Sql-server – DBCC SHRINKFILE actually doing

shrinksql server

I have a database which was 11TB in size. I recently truncated over 5TB of data from this database.

(I am fully familiar with all the reasons why you would not normally shrink a database please)

I'm curious about what the DBCC SHRINKFILE command is actually doing because when I run the command to shrink a file which is about 650000MB in size with 45% free space it doesn't seem to actually move any pages around.

The code in question is:

USE [CAF] 
GO 
DBCC SHRINKFILE (N'FILENAME' , 650239) 
GO

When I monitor the performance metrics of the server on executing DBCC SHRINKFILE I see the following

% Active time of the disk immediately jumps to 100%.
The sqlservr.exe and system processes both start reading at a continuous 2MB/s
each (sometimes peaking at 5MB/s).
The disk queue length jumps to exactly 1
Disk iops jump to about 250 (note the disks in tests can achieve 6000iops)
CPU remains idle

Even if I tell DBCC SHRINKFILE to shrink the file by a single MB and let it run for 30 minutes, it does not complete.
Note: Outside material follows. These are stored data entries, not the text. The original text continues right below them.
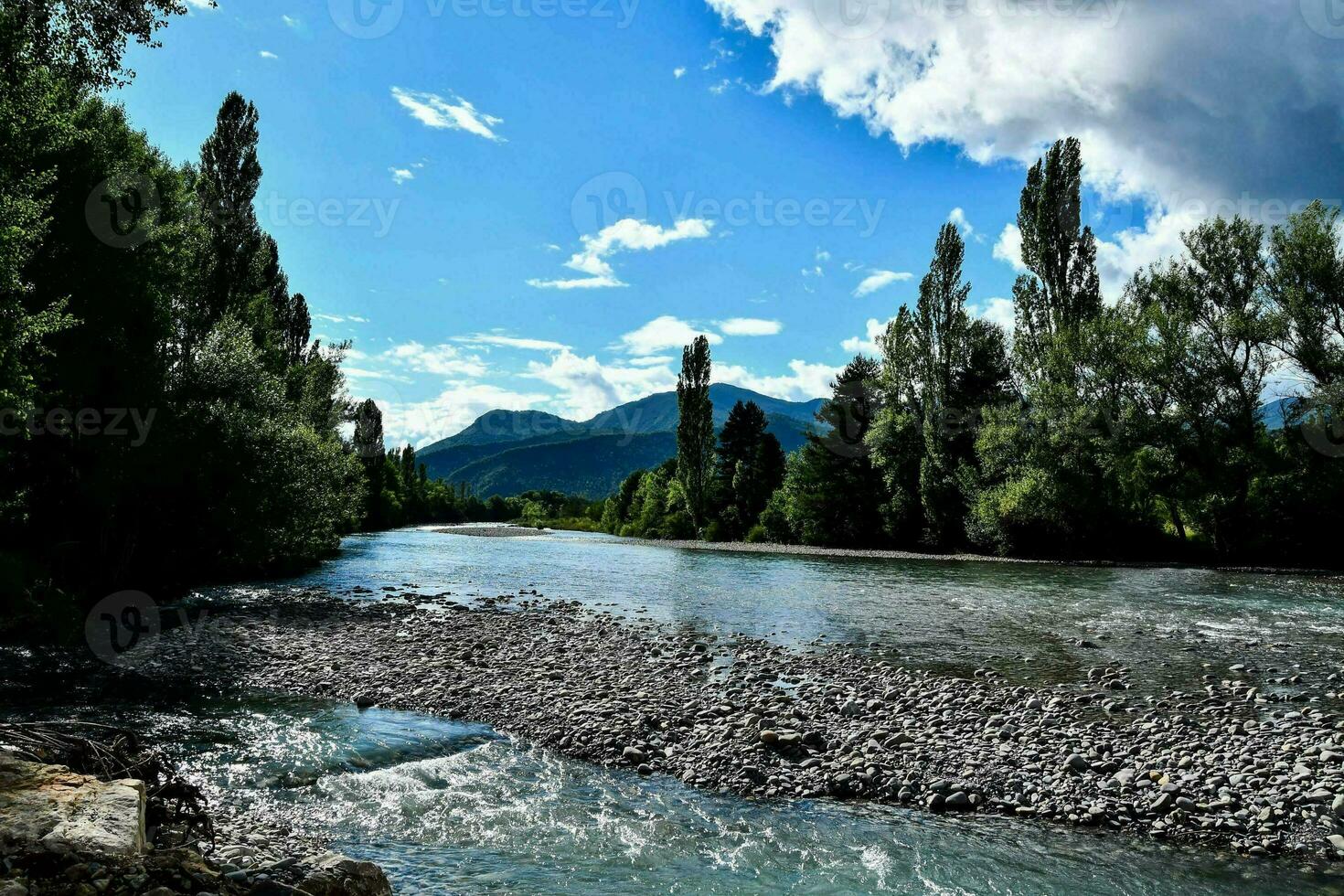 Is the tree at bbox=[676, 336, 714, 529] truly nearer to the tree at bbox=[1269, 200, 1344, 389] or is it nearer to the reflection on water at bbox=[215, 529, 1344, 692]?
the reflection on water at bbox=[215, 529, 1344, 692]

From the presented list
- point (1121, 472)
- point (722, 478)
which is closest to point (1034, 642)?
point (1121, 472)

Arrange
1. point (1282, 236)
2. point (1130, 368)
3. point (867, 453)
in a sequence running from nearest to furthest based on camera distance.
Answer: point (1282, 236)
point (1130, 368)
point (867, 453)

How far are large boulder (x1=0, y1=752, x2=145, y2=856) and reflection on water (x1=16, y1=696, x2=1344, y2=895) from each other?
267 cm

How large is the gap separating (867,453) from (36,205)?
61.2m

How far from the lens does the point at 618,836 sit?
8148mm

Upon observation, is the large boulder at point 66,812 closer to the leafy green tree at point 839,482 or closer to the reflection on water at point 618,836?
the reflection on water at point 618,836

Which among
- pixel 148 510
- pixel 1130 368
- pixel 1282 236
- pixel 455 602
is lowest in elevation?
pixel 455 602

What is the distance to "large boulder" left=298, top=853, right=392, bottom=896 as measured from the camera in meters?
5.77

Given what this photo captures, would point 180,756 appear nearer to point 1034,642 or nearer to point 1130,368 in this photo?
point 1034,642

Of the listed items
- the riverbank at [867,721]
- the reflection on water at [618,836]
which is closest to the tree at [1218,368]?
the riverbank at [867,721]

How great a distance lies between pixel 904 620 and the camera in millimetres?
21406

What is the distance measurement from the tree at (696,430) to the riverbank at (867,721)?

Everything I've read suggests that DBCC SHRINKFILE should take pages from the end of the file and move them to free space near the beginning but even at the worst performance it should take no more than a few minutes to move 1MB worth of pages

What is DBCC SHRINKFILE actually doing, it just doesn't make sense to me?

Best Answer

Everything I've read suggests that DBCC SHRINKFILE should take pages from the end of the file and move them to free space near the beginning, What is DBCC SHRINKFILE actually doing?

The steps that DBCC SHRINKFILE goes through:

DbccSpaceReclaim Reclaim free space. E.G. by purging empty extents.
DbccFilesCompact move the non-LOB pages to before the point specified as the second parameter, as close to the beginning of the data file as possible
DbccLOBCompact move the LOB pages to before the point specified as the second parameter, as close to the beginning of the data file as possible

During the DbccFilesCompact & DbccLOBCompact pages are moved from after the parameter passed to the DBCC SHRINKFILE statement to before the parameter, as close to the data pages as possible. if it is possible to do so

AFTER all these page movements, the actual truncation happens and you see the size change.

Source

Monitoring the DBCC SHRINKFILE process can give you more information on which of these three takes the longest / uses the most resources (but I have noticed DbccFilesCompact running while Lob Pages where being moved when testing, will have to do some investigating there).

According to this blogpost, Shrinking files is done in batches of ~32 pages per transaction. As to get the ability to resume the shrink when stopping the process.

The statement that when shrinking your database files, you can resume approx. where you left off is also confirmed in this answer.

It seems like nothing happened when cancelling the command, but pages would have been moved in these smaller batches. The size difference is only noticed at the end due to the truncation happening at the end of the DbccCompact events.

Fully logged

When looking at the log file while a shrink is happening, this is also confirmed due to many transaction being logged:

LOP_BEGIN_XACT
LOP_MODIFY_ROW
LOP_MODIFY_ROW
... --many more LOP_MODIFY_ROW records
LOP_COMMIT_XACT
LOP_BEGIN_XACT
...

We are seeing all these LOP_MODIFY_ROW records because of the fact that shrinking is fully logged in the transaction log. Which has additional overhead.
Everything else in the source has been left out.